We’ve continued our chats about the world she grew up in, what her father was like and how hard her mom worked as a nurse with a bad back. She’s shared her view of the world, what she misses most about the life she knew, what it meant to live during wars and how mad she was to find my young mom and aunt wasting her good aluminum foil to make cut out crafts to decorate their rooms.
I know what’s important to her and what isn’t, what she values, and that she really doesn’t like soup.
But her new chapter has given me pause to think about my life and the life of my kids.
It has encouraged and reminded me to keep in mind what’s important. What’s of value—at the age of 32 and 87.
And equally, what’s not of value and what that means in regards to how I hope my kids see the world they’ll grow up in.
So, I’ve come to realize this:
I hope my kids live their lives without numbers.
I hope their value doesn’t get wrapped up in the numbers in their bank account, their retirement account, or the number of bills carried in their billfold.
I hope they don’t find their greatest achievements to be the numbers associated with the cars they own, the square footage of their home, or the pairs of shoes lined up in their closet.
I pray they don’t see their success to be what a scale shows, the number of successful diets they’ve done, or the quickness of their mile run.

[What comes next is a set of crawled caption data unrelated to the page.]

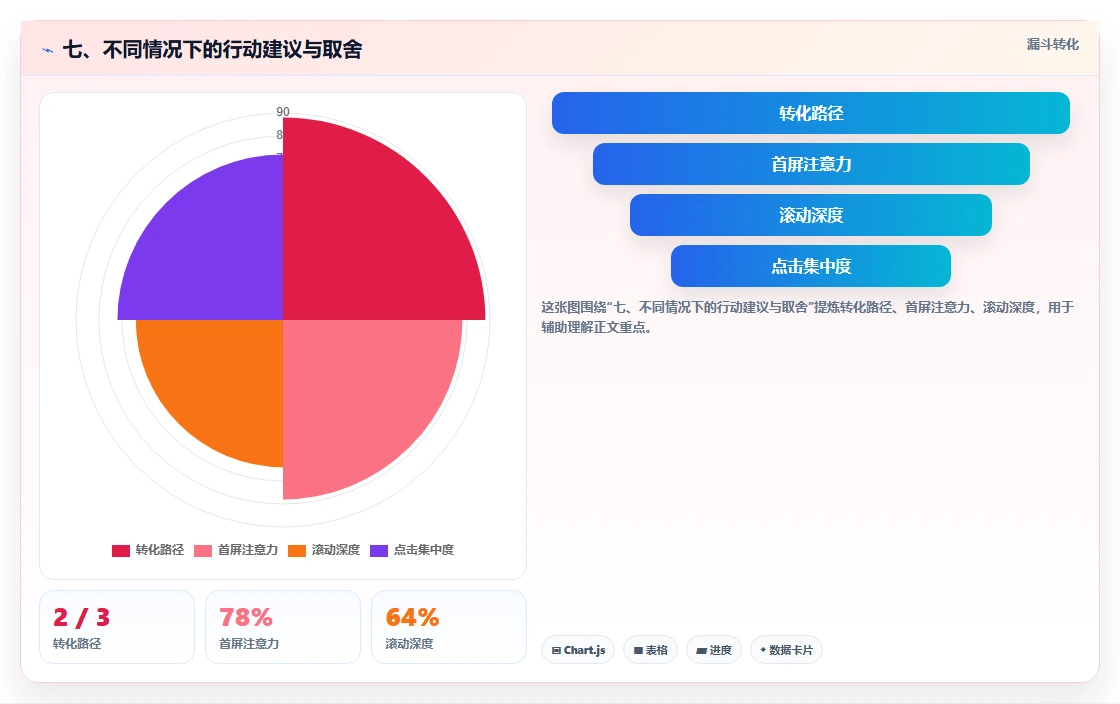 七、不同情况下的行动建议与取舍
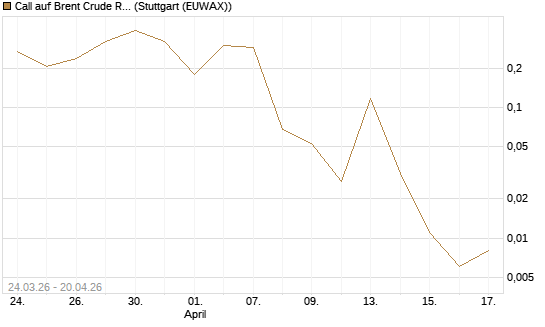 Call auf Brent Crude Rohöl ICE 06/26 [Vontobel] Chart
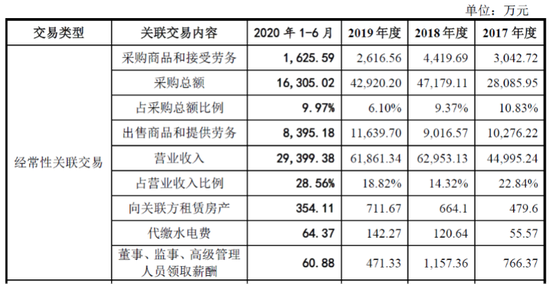 数据来源:公司招股说明书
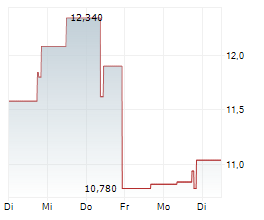 BACKBLAZE INC Chart 1 Jahr BACKBLAZE INC Chart 1 Jahr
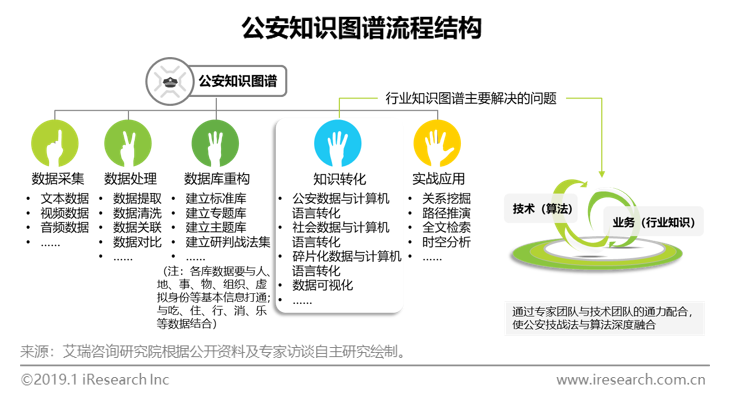 跨境资讯艾瑞：2018年AI+安防行业发展研究系列之—公安知识图谱篇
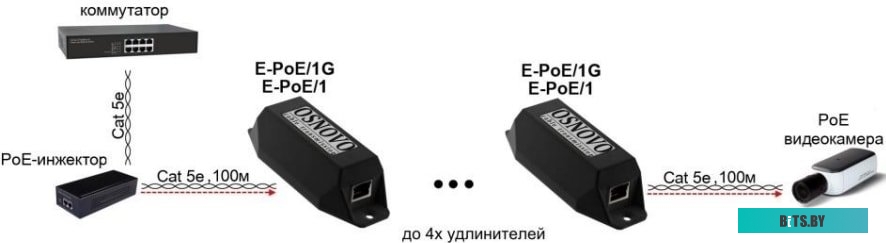 Коннектор-соединитель Osnovo E-PoE/1G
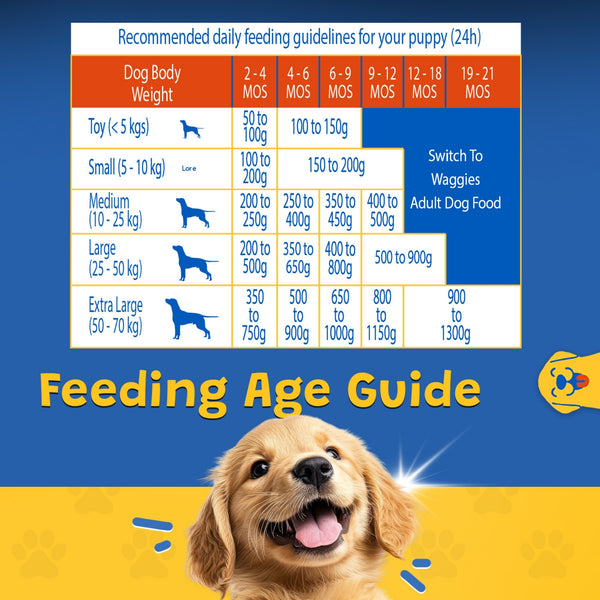 Waggies Chicken with Vitamins All Breed Puppy Dog Dry Food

I pray they don’t base their value on the number of followers they have, the times they’re asked to dance, the written tests they’ve passed, the exotic vacations taken, the number of certified letters or degrees behind their name, or the number of promotions that do (or don’t) come their way.
I hope my daughter doesn’t consider herself a good mother (if she decides to be one) based on the length of time she nurses, the ounces of milk she produces, or the number of consecutive hours her baby sleeps at night.
I pray my sons don’t wrap their value up in the number of times they hit a homerun, swallowed their tears instead of letting them out, or weight-lifted their personal best.
I hope they’re numberless.
And not because I don’t want them to find joy and happiness in this life, to have adventures, or to be the best versions of themselves. But because their lives (and all of ours) are far greater in value than a tangible, definitive number could ever be.
These lives of ours are limitless once we give up trying to quantify them all the time.
I’m so glad my grandmother reminded me of that.
And plus, I never really liked math anyway.